Why are there so many UFO sightings in Montana?
Welcome to The Big Why, a series from Montana Public Radio driven by your curiosity about Montana. I'm your host, Freddy Monares. This is a show about listener-powered reporting. We'll answer questions, large or small, about anything under the Big Sky. By Montanans. For Montana. This is The Big Why.
For this episode, we're trying to answer a question with potentially cosmic implications: Flying saucers. Lights in the sky. Montana is a hotspot for UFO sightings. Today, Montana Public Radio reporter Edward O'Brien is tackling the question: Why are reports of UFOs so common in Montana?
Freddy Monares Ed, how are you?
Edward O'Brien I am well, Freddy. Thanks so much for having me.
Freddy Monares So where does Montana's story with UFOs or unidentified flying objects start?

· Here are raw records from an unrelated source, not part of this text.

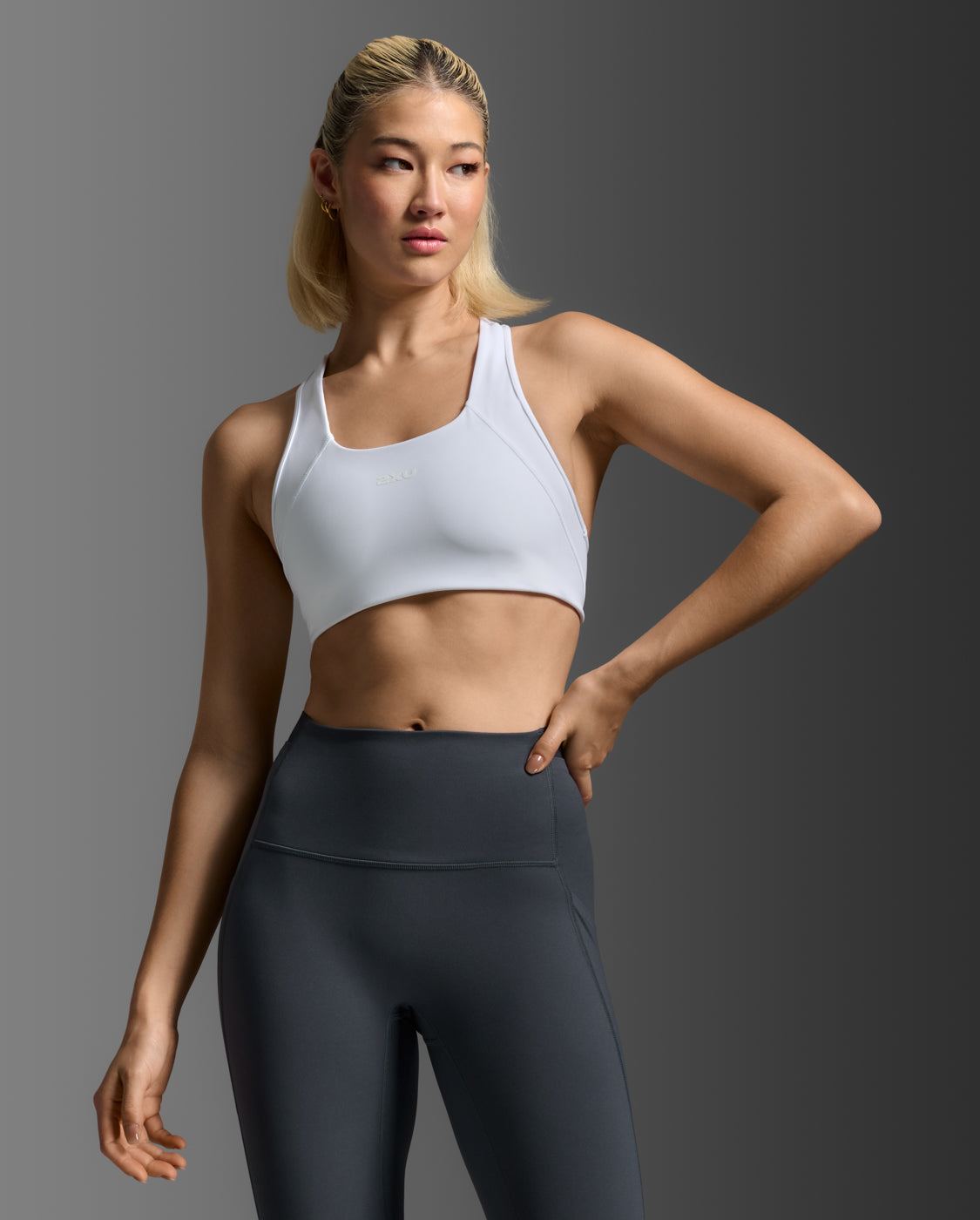 2xu-form-racerback-medium-impact-bra-reggiseno-sportivo-bianco image 5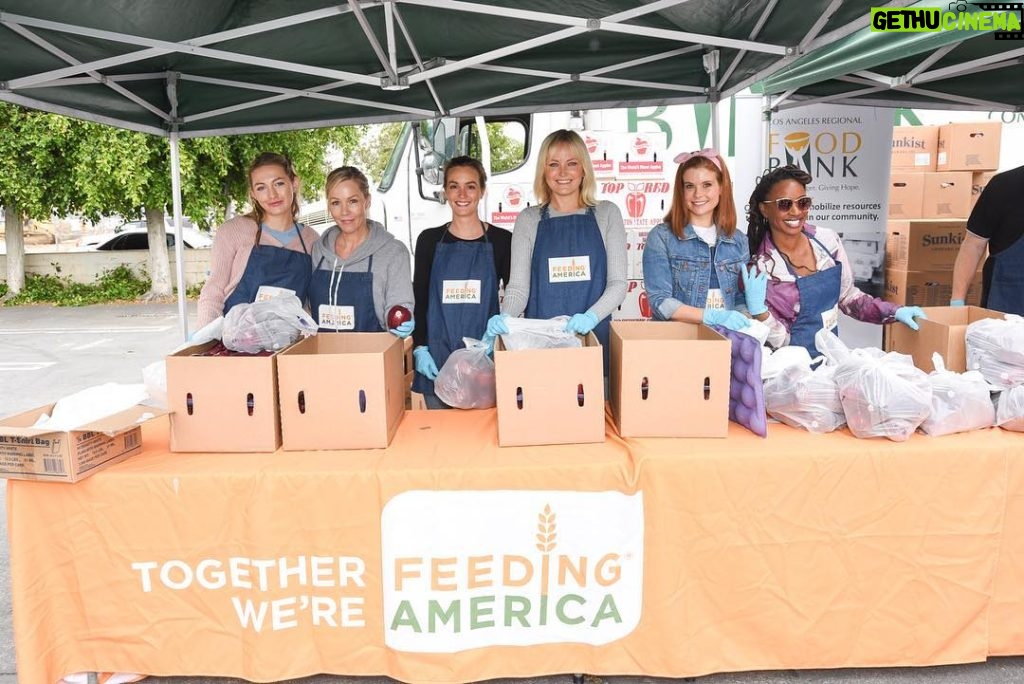 Leighton Meester Instagram - As always, I had a wonderful time working with @FeedingAmerica and these mamas. Together, we helped fill grocery baskets for families who lined up to receive important staples, like fruit, rice and cereal. Thank you for having us @FeedingAmerica and @lafoodbank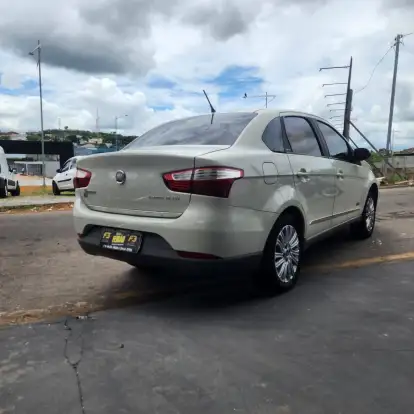 FIAT-GRAND SIENA-2015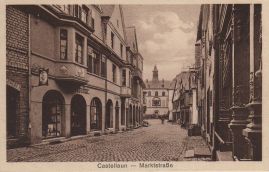 Hier geht es zur Karte mit dem Motiv 'Über die gepflasterte Marktstraße zum Rathaus'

Edward O'Brien Well, people have been seeing strange things in the sky for millennia. I've learned that stories of star people are part of some Native American traditions. But I think it's fair to say Montana's contemporary UFO stories began back in the summer of 1950 in Great Falls.
Freddy Monares Tell me more.
Edward O'Brien This guy named Nick Mariana, the general manager of a Great Falls minor league baseball team, saw something strange in the sky, so he grabbed his movie camera, picked up the objects in the viewfinder.
"And pressed the trigger. The discs appeared to be spinning like a top and were about 50 feet across and about 50 yards apart. I could not see any exhaust, wings or any kind of fuselage."
Edward O'Brien Now that's an excerpt of Mariana himself in what I'll loosely call a documentary from 1956 called U.F.O. The incident is thought to be one of the first unidentified flying objects ever captured on film. Since then, 100 more UFO incidents over Great Falls have been reported, apparently making it one of the most active UFO locations in North America.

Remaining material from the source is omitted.